Are vertices of each LOD version always loaded into VRAM?
I know many game engines have a LOD feature for mesh vertices and textures.
I'm just wondering if all vertices and textures of all(each) LOD versions are always loaded in VRAM or are they loaded at the time each LOD version is selected.
1 Answer
Many game engines have texture streaming, which means that not all mip levels of each texture are loaded at all times. The game engine will track which textures are in view and how close up they are seen, and will dynamically load and unload mip levels in an attempt to provide enough detail for the current view, while staying within a fixed VRAM budget.
This is done because typically with AAA game content on a consumer GPU, there is not enough VRAM to load all mips of all textures at once.
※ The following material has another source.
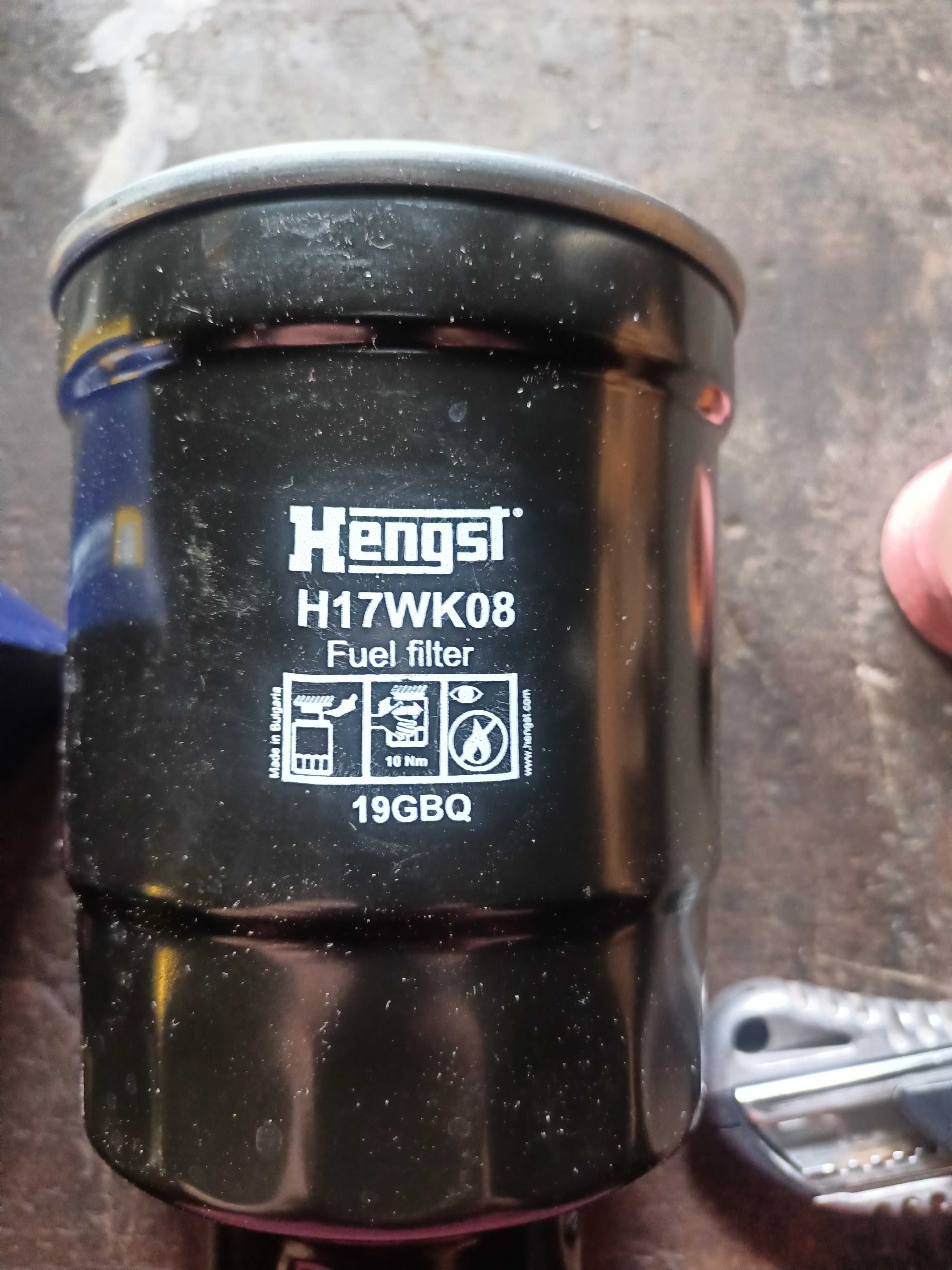 Nowy filtr paliwa H17wk08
Usually, the highest few mip levels (low resolutions) of all textures are loaded all the time, and the lower mips (high resolutions) are streamed.
Some game engines also have mesh LOD streaming, though it is less common. Mesh data (vertices and indices) typically takes up much less VRAM than textures, so there is less impetus to do mesh LOD streaming. Still, with highly detailed meshes, the most detailed LODs can be a substantial size and it can make sense to stream those. This can be done analogously to how texture mip levels are streamed.
There is also UE5 Nanite which uses a cluster-based LOD system and streams trees of clusters instead of whole mesh LODs.